Hello, Bart!
On 12/06/2017 12:46 AM, Bart Van Assche wrote:
On Wed, 2017-12-06 at 00:17 +0300, ptikhomirov wrote:
I mean threads in scsi_dec_host_busy() the part under rcu_read_lock are
divided into two groups: a) finished before call_rcu, b) beginning rcu
section after call_rcu. So first, in scsi_eh_inc_host_failed() we will
see all changes to host busy from group (a), second, all threads in group
(b) will see our change to host_failed. Either there is nobody in (b) and
we will start EH, or the thread from (b) which entered spin_lock last will
start EH.
In your case tasks from b does not see host_failed was incremented, and
will not start EH.
Hello Pavel,
What does "your case" mean? In my previous e-mail I explained a scenario that
cannot happen so it's not clear to me what "your case" refers to?
By "your case" I meant how your code works, especially that host_failed
increment is inside scsi_eh_inc_host_failed() in your patch.
Additionally, it seems like you are assuming that RCU guarantees ordering of
RCU read-locked sections against call_rcu()?
Sorry.. Not "call_rcu" itself, In my previous reply I meant the delayed
callback which actually triggers. (s/call_rcu/call_rcu's callback start/)
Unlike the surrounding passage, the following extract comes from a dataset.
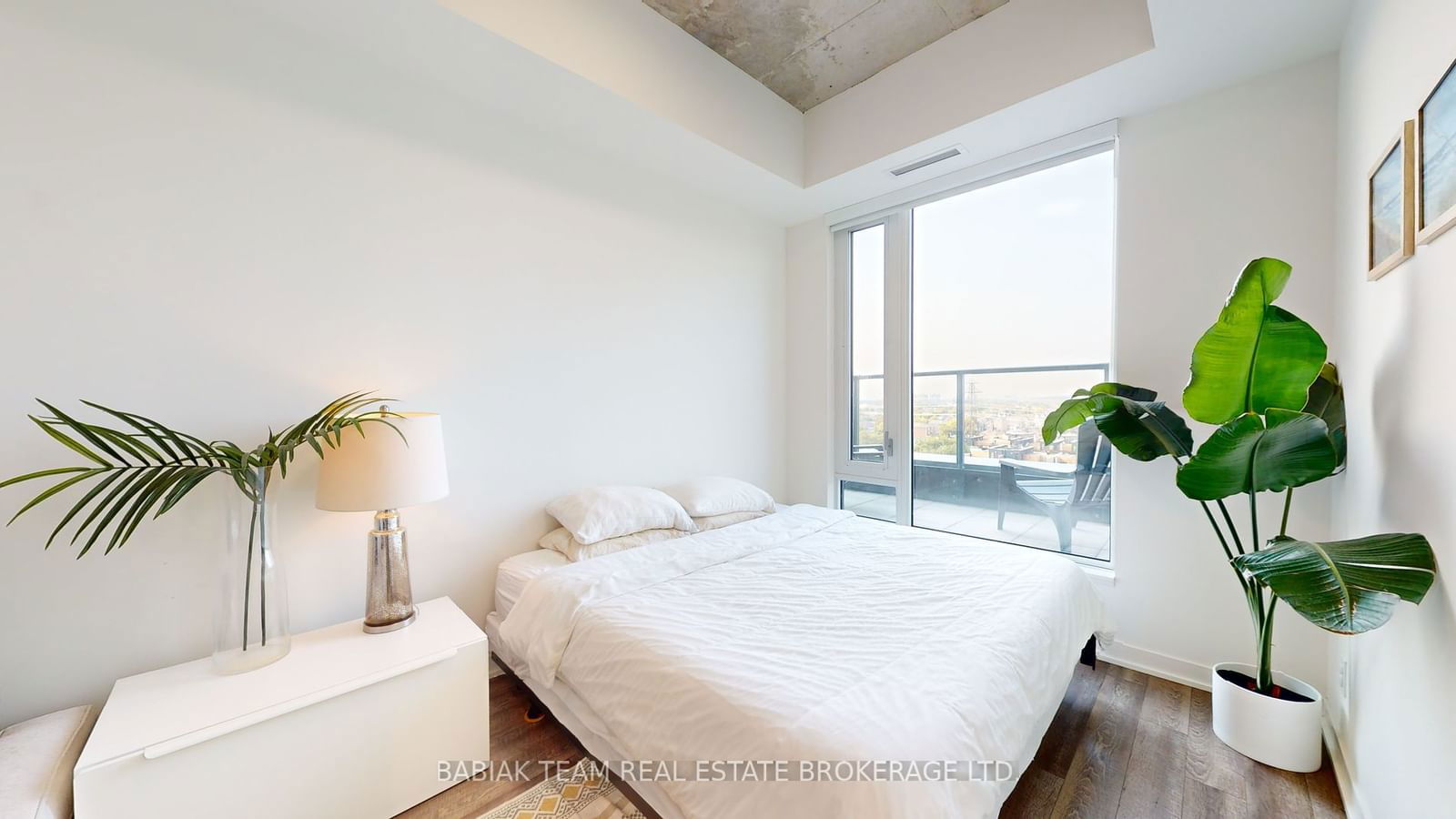 1808 St Clair Ave W, unit 703 for rent - image #17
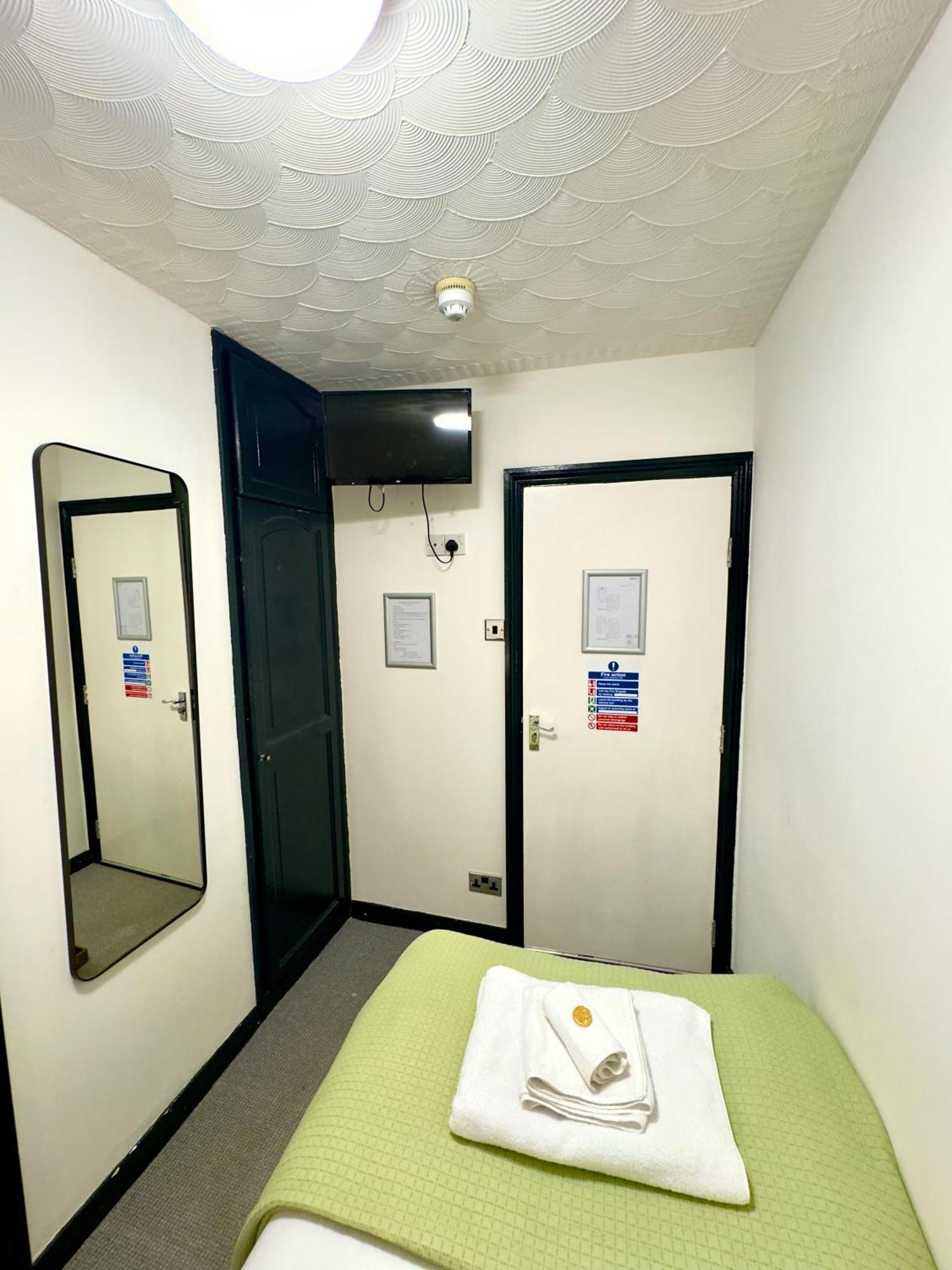 Coastal Park Accommodation Ланели Екстериор снимка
That's not how RCU works. RCU
guarantees serialization of read-locked sections against grace periods. The
function scsi_eh_inc_host_failed() is invoked through call_rcu() and hence
will be called during a grace period.
May be I missunderstand something, but I think that callback from
call_rcu is guaranteed to _start_ after a grace period, but not to end
before a next grace period. Other threads can enter rcu_read_lock
protected critical regions while we are still in a callback and will run
concurrently with callback.
Anyway, the different scenarios I see are as follows:
(a) scsi_dec_host_busy() finishes before scsi_eh_inc_host_failed() starts.
(b) scsi_dec_host_busy() starts after scsi_eh_inc_host_failed() has
finished.
So I think in (b) scsi_dec_host_busy starts after
scsi_eh_inc_host_failed has _started_.
In case (a) scsi_eh_inc_host_failed() will wake up the error handler. And in
case (b) scsi_dec_host_busy() will wake up the error handler. So it's not
clear to me why you think that there is a scenario in which the EH won't be
woken up?
So in case (b), in my understanding, scsi_dec_host_busy can skip wakeups
as it does not see host_failed change yet.
Bart.
To prove my point, some parts of kernel docs:
"This function invokes func(head) after a grace period has elapsed."
Documentation/RCU/whatisRCU.txt
"
15. The whole point of call_rcu(), synchronize_rcu(), and friends
is to wait until all pre-existing readers have finished before
carrying out some otherwise-destructive operation.
...
Because these primitives only wait for pre-existing readers, it
is the caller's responsibility to guarantee that any subsequent
readers will execute safely.
"
Documentation/RCU/checklist.txt
There is nothing about "callback ends before next grace period".
Sorry, if I'm missing something.
Pavel.